WHAT THE TASK REQUIRES: Pictures excluded, set down exactly the lines from the one containing "DKNY Womens Long" through the final line of the material, and only those.

GIVEN DATA:
------------

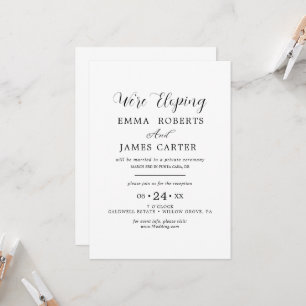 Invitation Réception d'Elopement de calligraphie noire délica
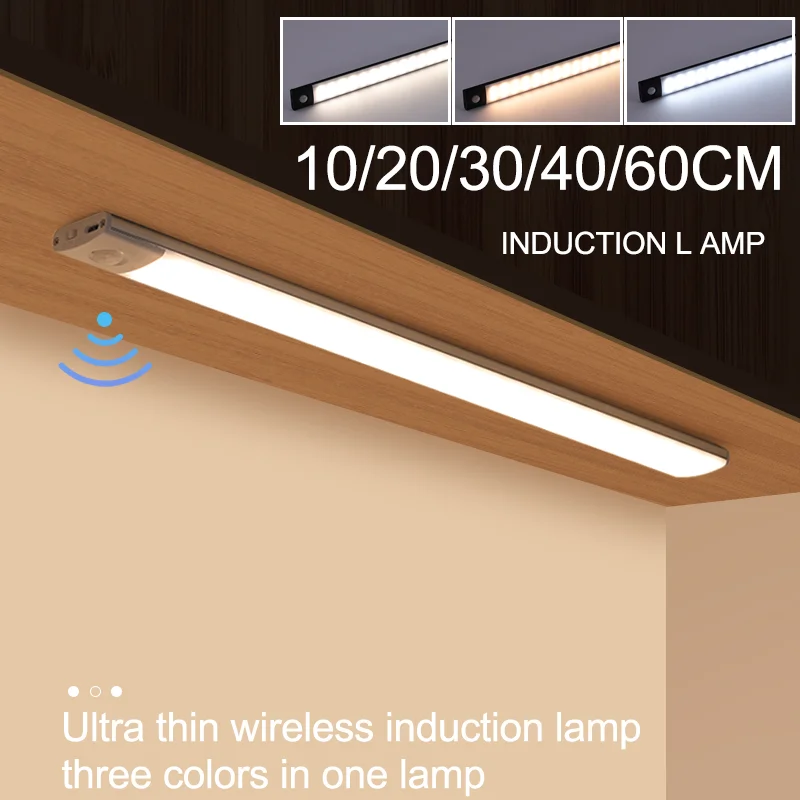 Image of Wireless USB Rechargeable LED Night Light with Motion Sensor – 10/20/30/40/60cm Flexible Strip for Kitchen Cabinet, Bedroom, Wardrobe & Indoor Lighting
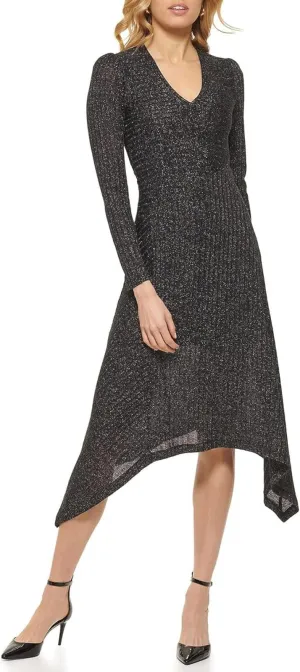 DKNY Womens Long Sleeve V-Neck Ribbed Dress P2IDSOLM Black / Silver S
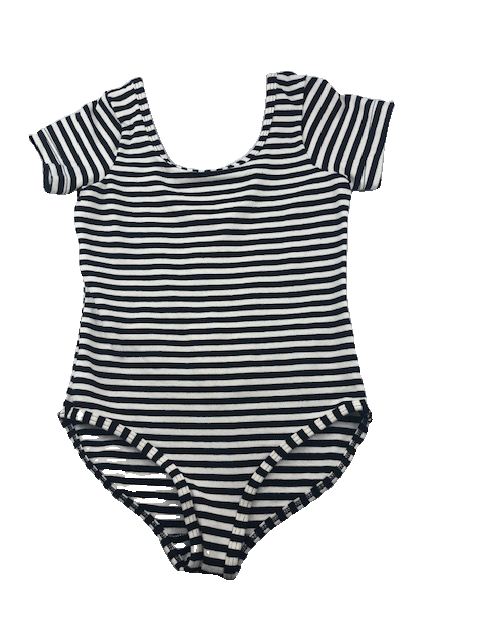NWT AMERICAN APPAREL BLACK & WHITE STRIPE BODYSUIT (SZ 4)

------------

WRITTEN REPLY:
 DKNY Womens Long Sleeve V-Neck Ribbed Dress P2IDSOLM Black / Silver S
NWT AMERICAN APPAREL BLACK & WHITE STRIPE BODYSUIT (SZ 4)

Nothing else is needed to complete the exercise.